*** SOURCE MATERIAL Section Begins ***

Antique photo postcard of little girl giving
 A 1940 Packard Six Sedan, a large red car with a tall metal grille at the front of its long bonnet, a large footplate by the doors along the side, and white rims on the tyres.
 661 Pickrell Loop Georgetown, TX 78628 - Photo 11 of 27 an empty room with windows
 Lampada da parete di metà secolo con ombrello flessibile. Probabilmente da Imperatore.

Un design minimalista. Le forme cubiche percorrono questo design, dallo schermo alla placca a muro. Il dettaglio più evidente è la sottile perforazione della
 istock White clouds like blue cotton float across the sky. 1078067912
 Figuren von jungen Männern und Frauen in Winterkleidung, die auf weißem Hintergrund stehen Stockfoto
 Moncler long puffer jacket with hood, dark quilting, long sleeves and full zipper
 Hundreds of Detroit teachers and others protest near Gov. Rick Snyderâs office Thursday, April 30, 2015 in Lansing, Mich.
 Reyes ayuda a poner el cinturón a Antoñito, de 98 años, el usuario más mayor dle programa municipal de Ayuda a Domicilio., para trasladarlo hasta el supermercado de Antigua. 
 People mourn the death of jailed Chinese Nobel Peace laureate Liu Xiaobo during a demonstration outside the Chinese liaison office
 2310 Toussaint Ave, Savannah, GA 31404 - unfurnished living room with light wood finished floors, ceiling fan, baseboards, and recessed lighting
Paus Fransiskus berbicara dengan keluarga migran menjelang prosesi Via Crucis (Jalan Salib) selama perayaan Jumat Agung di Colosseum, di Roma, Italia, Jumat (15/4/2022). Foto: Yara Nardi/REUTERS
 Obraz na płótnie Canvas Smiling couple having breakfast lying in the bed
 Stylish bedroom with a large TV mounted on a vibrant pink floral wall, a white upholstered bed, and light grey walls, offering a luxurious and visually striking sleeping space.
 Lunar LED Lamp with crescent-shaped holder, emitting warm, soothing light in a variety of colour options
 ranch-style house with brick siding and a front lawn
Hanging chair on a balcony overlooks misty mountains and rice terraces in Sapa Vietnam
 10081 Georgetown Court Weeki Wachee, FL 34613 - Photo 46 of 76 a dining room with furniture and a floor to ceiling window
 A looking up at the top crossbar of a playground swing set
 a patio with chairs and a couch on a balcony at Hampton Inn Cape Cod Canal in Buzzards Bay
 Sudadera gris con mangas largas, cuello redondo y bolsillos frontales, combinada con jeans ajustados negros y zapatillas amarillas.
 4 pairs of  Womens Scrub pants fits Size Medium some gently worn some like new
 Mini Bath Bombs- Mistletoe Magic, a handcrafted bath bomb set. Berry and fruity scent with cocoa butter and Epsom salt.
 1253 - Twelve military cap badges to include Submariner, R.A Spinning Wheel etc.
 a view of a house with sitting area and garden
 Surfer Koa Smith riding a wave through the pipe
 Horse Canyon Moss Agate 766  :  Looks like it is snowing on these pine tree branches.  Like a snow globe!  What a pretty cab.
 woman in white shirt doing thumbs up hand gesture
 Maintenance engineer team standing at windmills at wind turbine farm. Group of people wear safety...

*** SOURCE MATERIAL Section Ends ***

## WHAT THIS TASK INVOLVES
Retype the entries. Every line must match exactly.

## COMPLETED TASK
Antique photo postcard of little girl giving
 A 1940 Packard Six Sedan, a large red car with a tall metal grille at the front of its long bonnet, a large footplate by the doors along the side, and white rims on the tyres.
 661 Pickrell Loop Georgetown, TX 78628 - Photo 11 of 27 an empty room with windows
 Lampada da parete di metà secolo con ombrello flessibile. Probabilmente da Imperatore.

Un design minimalista. Le forme cubiche percorrono questo design, dallo schermo alla placca a muro. Il dettaglio più evidente è la sottile perforazione della
 istock White clouds like blue cotton float across the sky. 1078067912
 Figuren von jungen Männern und Frauen in Winterkleidung, die auf weißem Hintergrund stehen Stockfoto
 Moncler long puffer jacket with hood, dark quilting, long sleeves and full zipper
 Hundreds of Detroit teachers and others protest near Gov. Rick Snyderâs office Thursday, April 30, 2015 in Lansing, Mich.
 Reyes ayuda a poner el cinturón a Antoñito, de 98 años, el usuario más mayor dle programa municipal de Ayuda a Domicilio., para trasladarlo hasta el supermercado de Antigua. 
 People mourn the death of jailed Chinese Nobel Peace laureate Liu Xiaobo during a demonstration outside the Chinese liaison office
 2310 Toussaint Ave, Savannah, GA 31404 - unfurnished living room with light wood finished floors, ceiling fan, baseboards, and recessed lighting
Paus Fransiskus berbicara dengan keluarga migran menjelang prosesi Via Crucis (Jalan Salib) selama perayaan Jumat Agung di Colosseum, di Roma, Italia, Jumat (15/4/2022). Foto: Yara Nardi/REUTERS
 Obraz na płótnie Canvas Smiling couple having breakfast lying in the bed
 Stylish bedroom with a large TV mounted on a vibrant pink floral wall, a white upholstered bed, and light grey walls, offering a luxurious and visually striking sleeping space.
 Lunar LED Lamp with crescent-shaped holder, emitting warm, soothing light in a variety of colour options
 ranch-style house with brick siding and a front lawn
Hanging chair on a balcony overlooks misty mountains and rice terraces in Sapa Vietnam
 10081 Georgetown Court Weeki Wachee, FL 34613 - Photo 46 of 76 a dining room with furniture and a floor to ceiling window
 A looking up at the top crossbar of a playground swing set
 a patio with chairs and a couch on a balcony at Hampton Inn Cape Cod Canal in Buzzards Bay
 Sudadera gris con mangas largas, cuello redondo y bolsillos frontales, combinada con jeans ajustados negros y zapatillas amarillas.
 4 pairs of  Womens Scrub pants fits Size Medium some gently worn some like new
 Mini Bath Bombs- Mistletoe Magic, a handcrafted bath bomb set. Berry and fruity scent with cocoa butter and Epsom salt.
 1253 - Twelve military cap badges to include Submariner, R.A Spinning Wheel etc.
 a view of a house with sitting area and garden
 Surfer Koa Smith riding a wave through the pipe
 Horse Canyon Moss Agate 766  :  Looks like it is snowing on these pine tree branches.  Like a snow globe!  What a pretty cab.
 woman in white shirt doing thumbs up hand gesture
 Maintenance engineer team standing at windmills at wind turbine farm. Group of people wear safety...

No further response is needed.